• [Task prompt]:
From the line that contains "NWT ZARA RED RIBBED DRESS WITH BUTTONS" through the closing line of the entries, write out each line exactly; pictures stay out.

• [Recorded information]:
+ + +
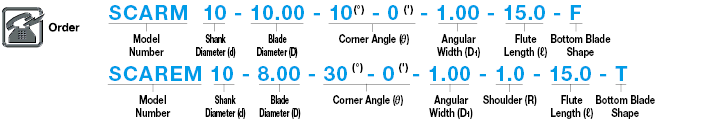 Carbide Straight Blade Corner Angle End Mill, 2-Flute, Rounded Shoulder Type:Related Image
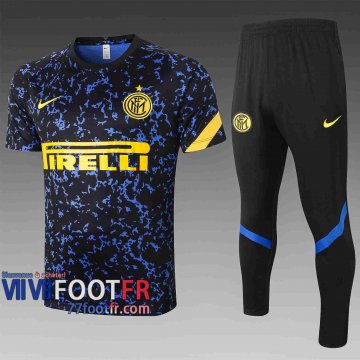 77footfr Survetement Foot T-shirt Inter Milan bleu noir 2020 2021 TT45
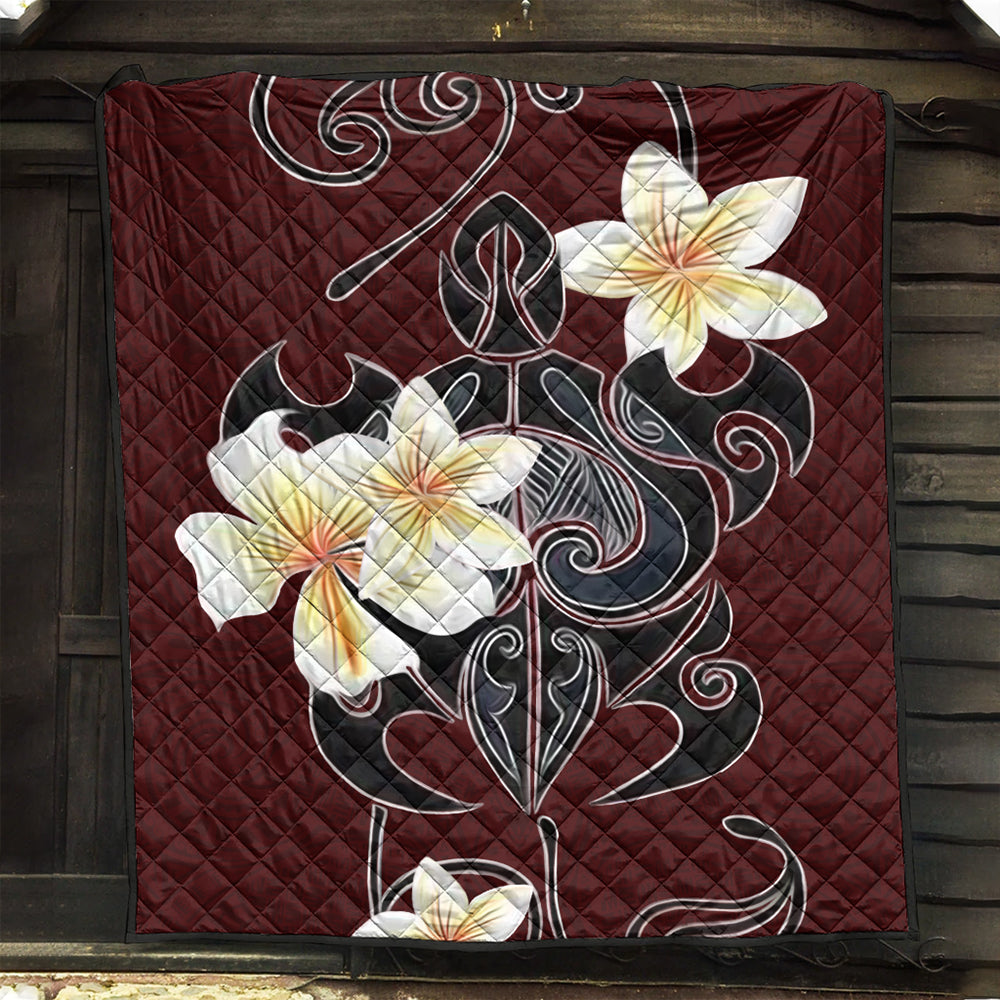 Hawaii Premium Quilt Turtle Poly Trinal Plumeria Red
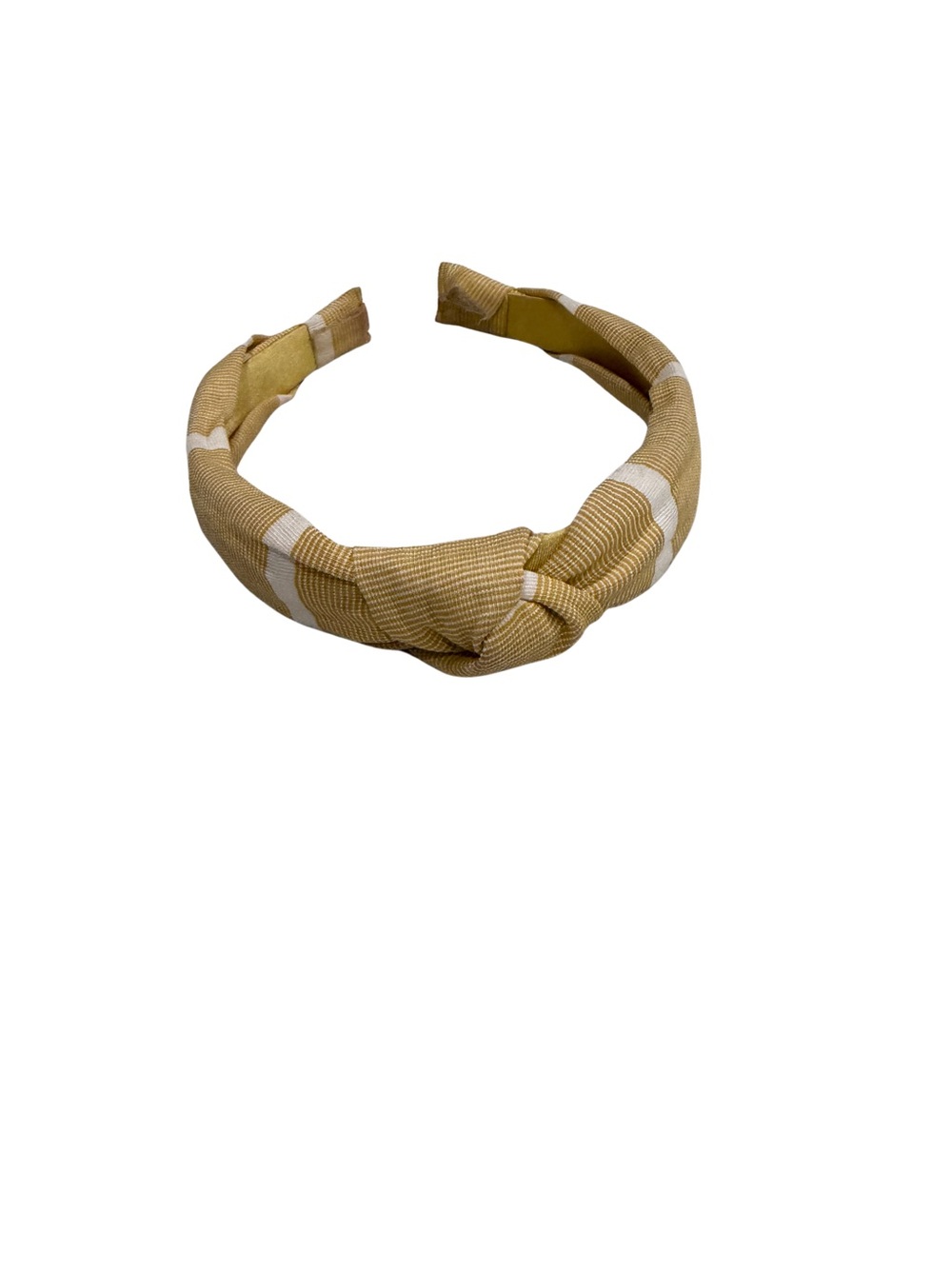 Striped Knot Headband in Mustard and White
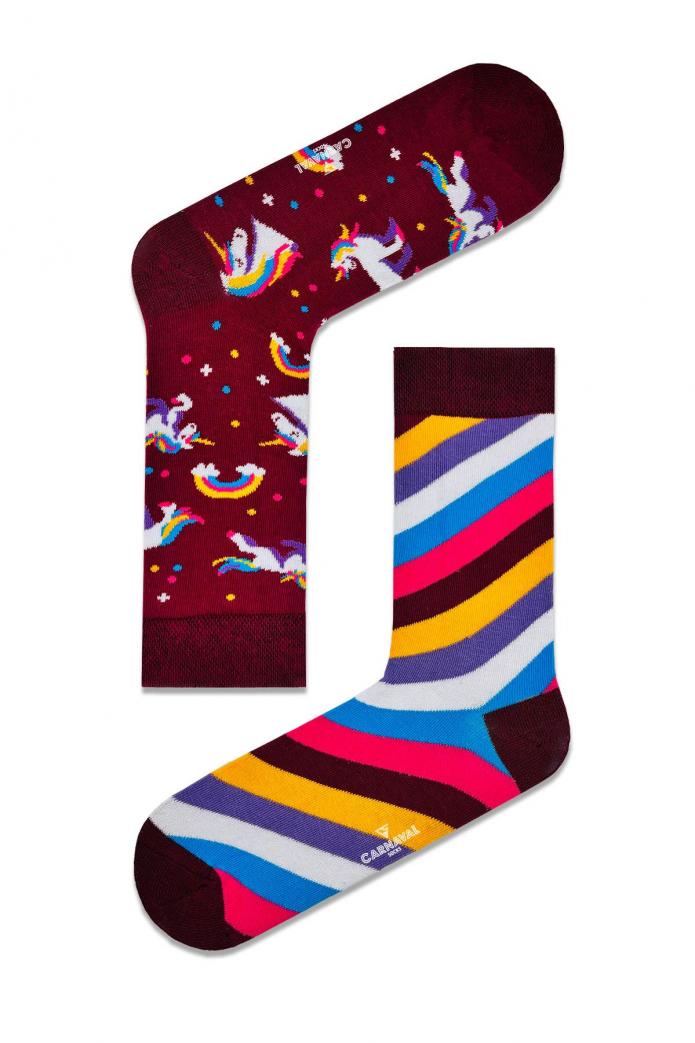 Sağlı Sollu Unicorn Desenli Renkli Çorap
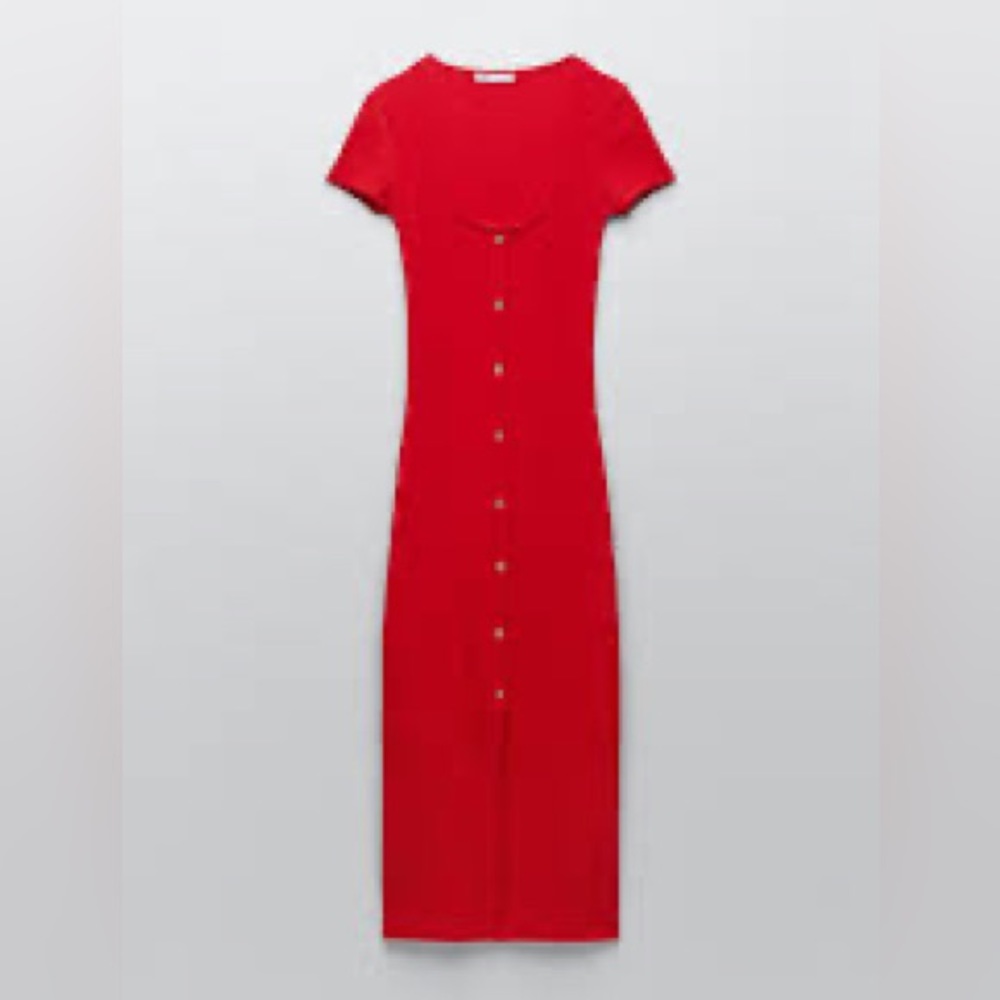 NWT ZARA RED RIBBED DRESS WITH BUTTONS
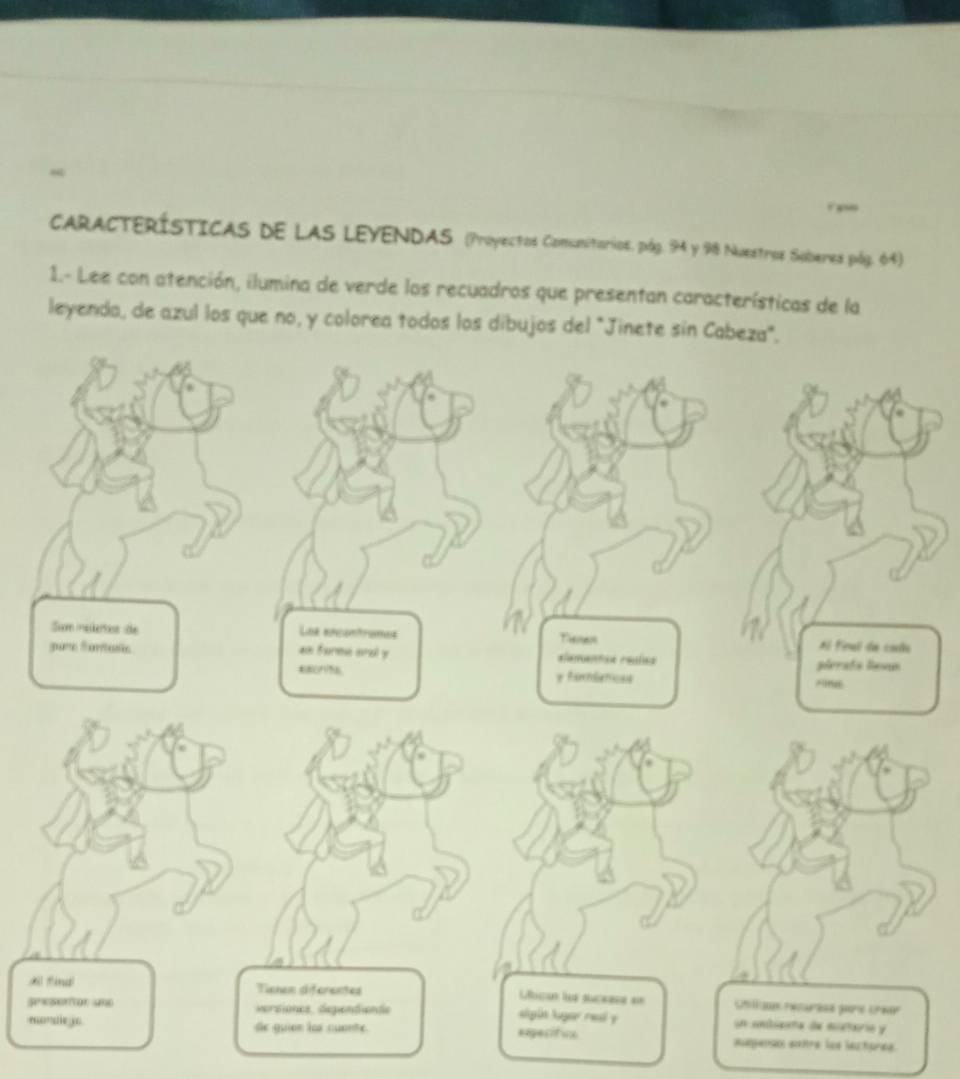 CARACTERÍSTICAS dE LAS LEYENDAS (Proyectos Comunitorios. pág. 94 y 98 Nuestros Soberes pág. 64) 
1.- Lee con atención, ilumina de verde los recuadros que presentan características de la 
leyendo, de azul los que no, y colorea t 
A 
pr 
rBageno eutra los lectores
+ + +
• [Answer box]:
 NWT ZARA RED RIBBED DRESS WITH BUTTONS
 CARACTERÍSTICAS dE LAS LEYENDAS (Proyectos Comunitorios. pág. 94 y 98 Nuestros Soberes pág. 64) 
1.- Lee con atención, ilumina de verde los recuadros que presentan características de la 
leyendo, de azul los que no, y colorea t 
A 
pr 
rBageno eutra los lectores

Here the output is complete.